Dual validate_frontmatter naming. wire/tools.py has a validate_frontmatter() that validates string content, and wire/schema.py has a validate_frontmatter() that validates metadata dicts. They do different things with the same name. This has not caused bugs because build.py imports from schema.py while content.py uses the one in tools.py, but it could confuse contributors.
What we are building next
These are active priorities, not a wish list. No timeline promises. We ship when the work is solid.
Lighthouse integration. Performance budgets derived from Lighthouse scores, tied to content operations. If a page's performance degrades after an update, Wire should flag it before deploy.
Multi-site dashboard. Wire currently operates on one site at a time (wherever wire.yml lives). Agencies managing 10+ sites need a single view across all of them: batch status, audit summaries, cost tracking.
Schema.org structured data. Wire generates JSON-LD structured data (Article, WebSite, CollectionPage) at build time based on page type and frontmatter dates. Expanding to FAQPage and HowTo schemas from content analysis is the next step.
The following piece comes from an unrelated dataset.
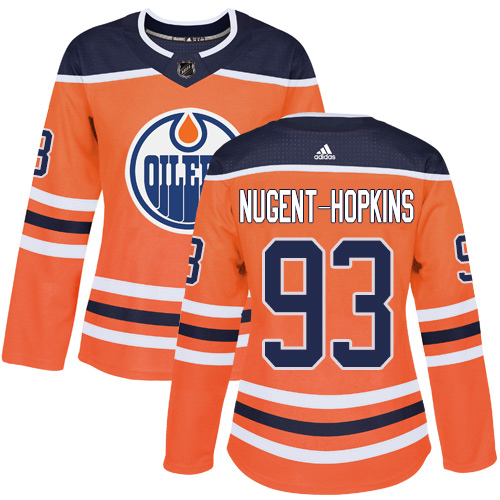 Adidas Oilers #93 Ryan Nugent-Hopkins Orange Home Authentic Women's Stitched NHL Jersey Adidas Oilers #93 Ryan Nugent-Hopkins Orange Home Authentic Women's Stitched NHL Jersey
Webhook notifications. When a 4-hour newsweek run finishes, you should not have to watch the terminal. Push notifications for completed batch operations are a straightforward improvement we plan to add.
Multi-model support. The claude_text() interface is model-agnostic by design. Testing alternative providers is straightforward since the function signature stays the same. Current priority is low because the default model delivers strong results at decreasing cost, but the abstraction exists for when it matters.